Posted on:March 26, 2016

I’ve been testing out Visual Studio Code for writing Node stuff, and I really like what I’m seeing so far. I’d like to confess that 99.9% of the reason why I even considered trying it out in the first place was its ability to debug Node apps. I tried Intellij IDEA previously and was so put off by the IDE-like interface (my Eclipse days are still not quite past me) that I couldn’t bring myself to migrate over.

On first boot I immediately taken aback by how familiar to Sublime Text the interface was. I might even add that it feels somewhat snappier, although I can’t pin it down to a specific thing.

A comparison of VSC vs ST, listing only the features that I’ve used and enjoyed and the features I’m missing:

What VSC has

What VSC doesn’t have

Babel/ES6 Support

Of course, debugging my apps in VSC would mean that it has to be set up to run ES6 code, and I’m happy to report that this is very possible and very easy. In launch.json, simply set the runtimeExecutable to the babel-node binary in your project’s node_modules:

{
  "program": "${workspaceRoot}/index.js",
  "runtimeExecutable": "${workspaceRoot}/node_modules/.bin/babel-node"
}

Configure the rest of your launch.json as per VSC’s documentation.
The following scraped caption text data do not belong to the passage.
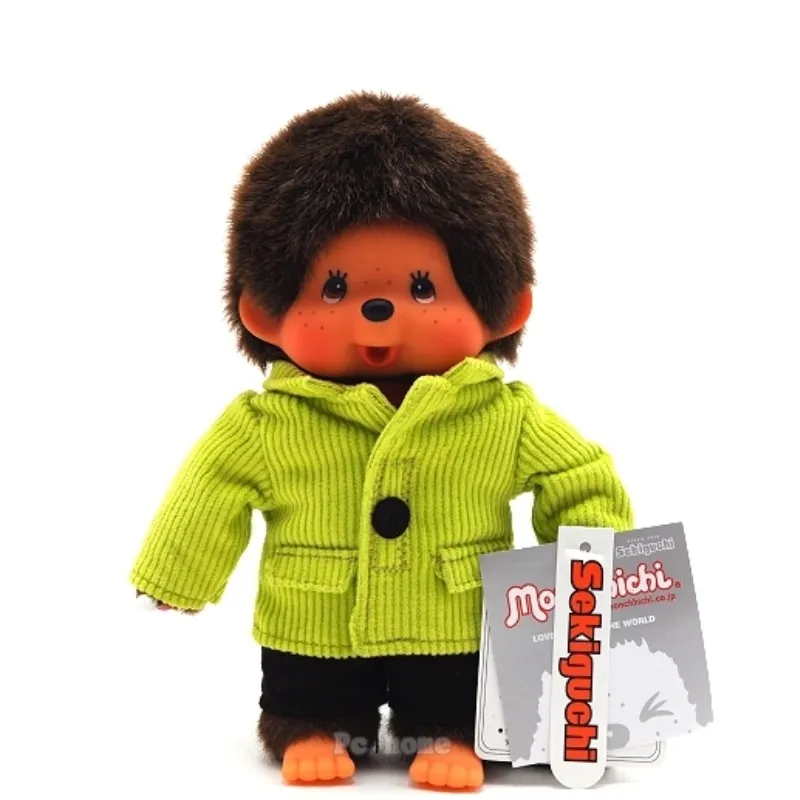 日本Sekiguchi夢奇奇MONCHHICHI【青春高校生】 歷史價格詳細信息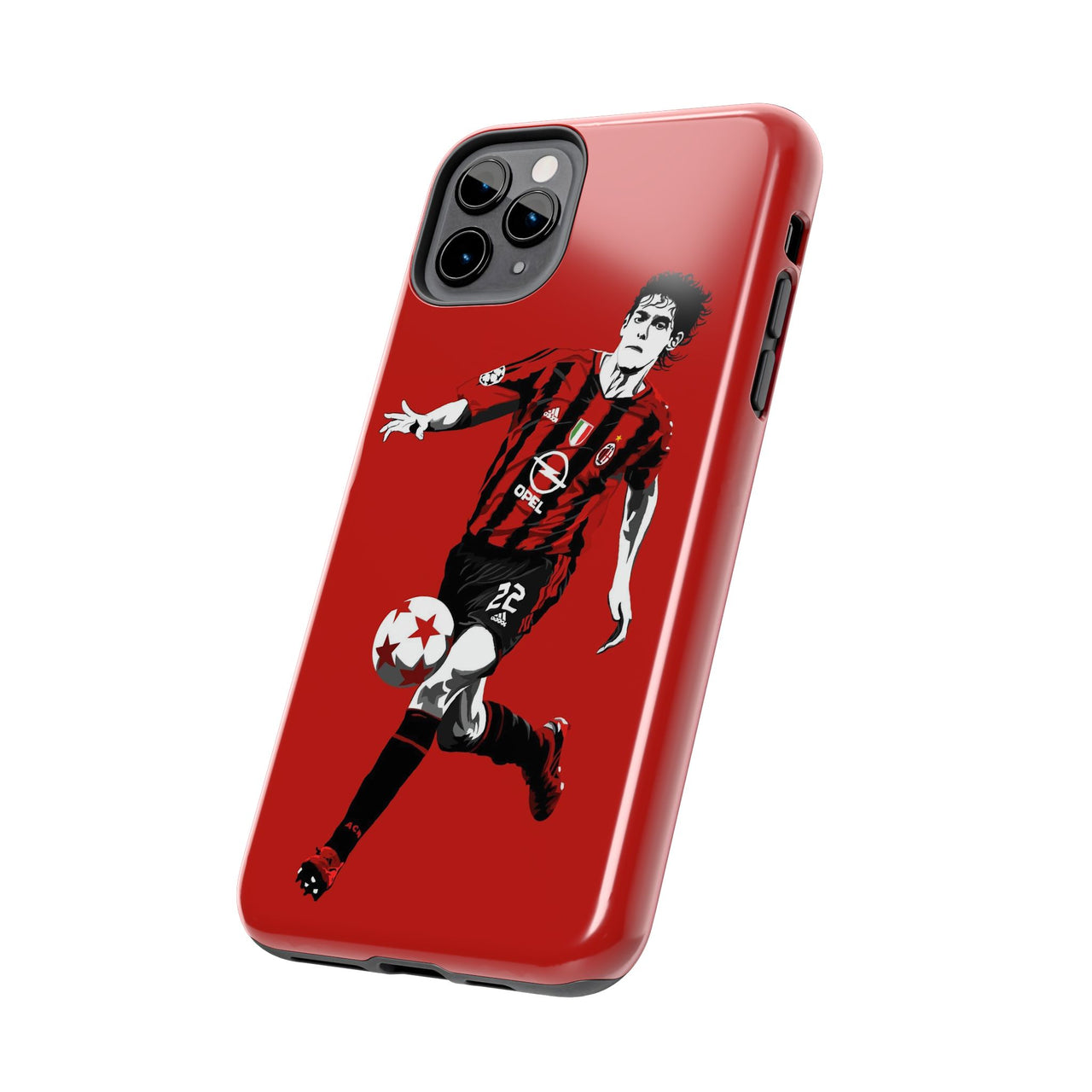 Ricardo KAKA Phone Case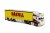SCANIA R Christensen Hakull
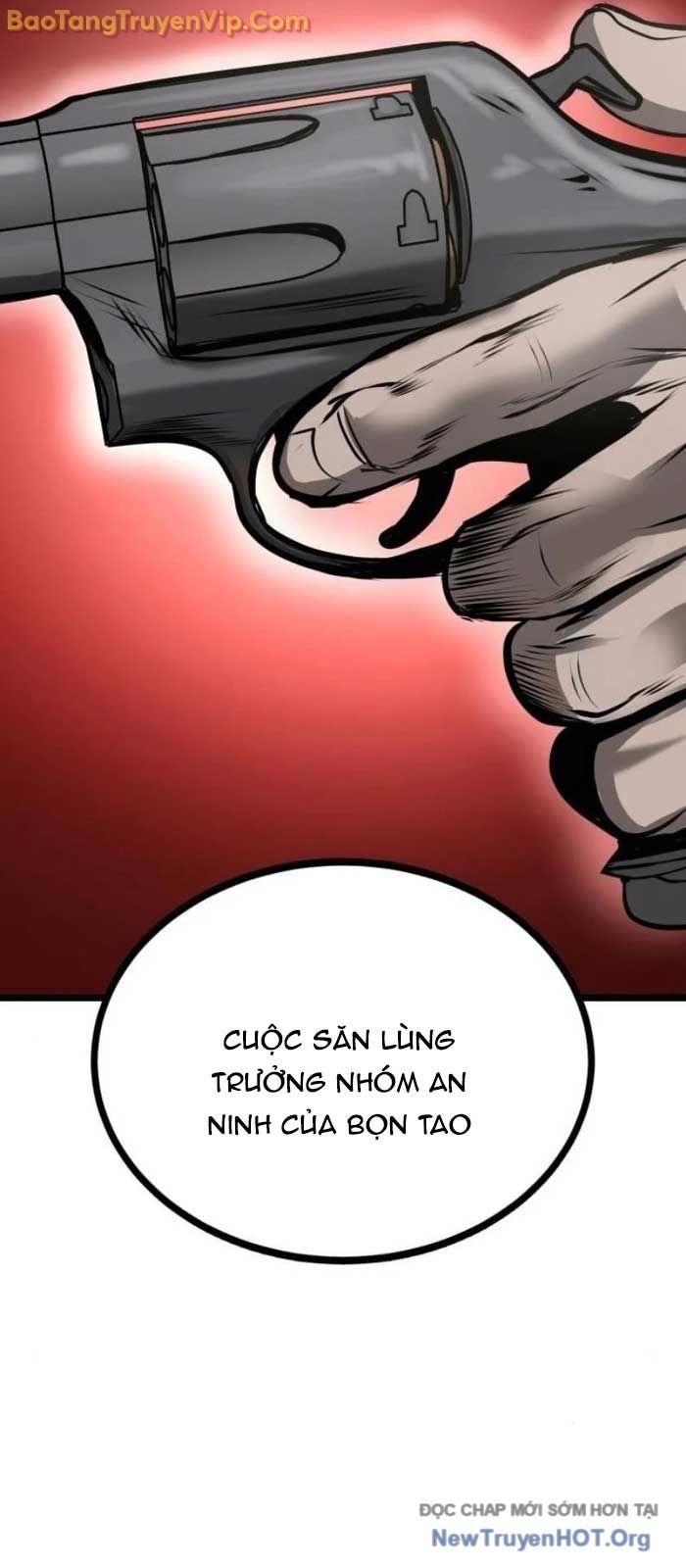 Quản Giáo Số 0 - Chapter 12 - Page 32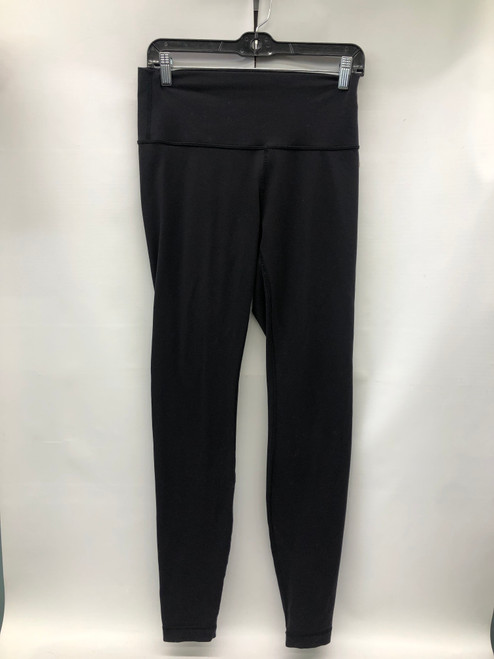 Vist Large View of Product Image Which is Used Lululemon Athletica Active Leggings 8-29 60124-S000160611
Note: There seems to be no good way of launching npm script commands from launch.json - will be investigating this in more detail.

Key Bindings

Most of the key bindings I use are the same. These are the only key bindings I’ve had to change so far to make it consistent with ST’s:

[
  { "key": "cmd+r", "command": "workbench.action.showAllSymbols" },
  { "key": "cmd+t", "command": "workbench.action.quickOpen" },
  { "key": "cmd+l", "command": "expandLineSelection" }
]

Theming

I use Afterglow in ST, and I’m happy to report that there is also Afterglow for VSC (just search for “Afterglow” in Extensions).

Packages

I’ve also found the following packages to be useful so far:

Git Support

I prefer to manage my Git stuff in the command line or in Tower, so I don’t really care for VSC’s built-in Git support, although from cursory inspection it seems quite similar to SublimeGit (which I use only for git blame and git checkout).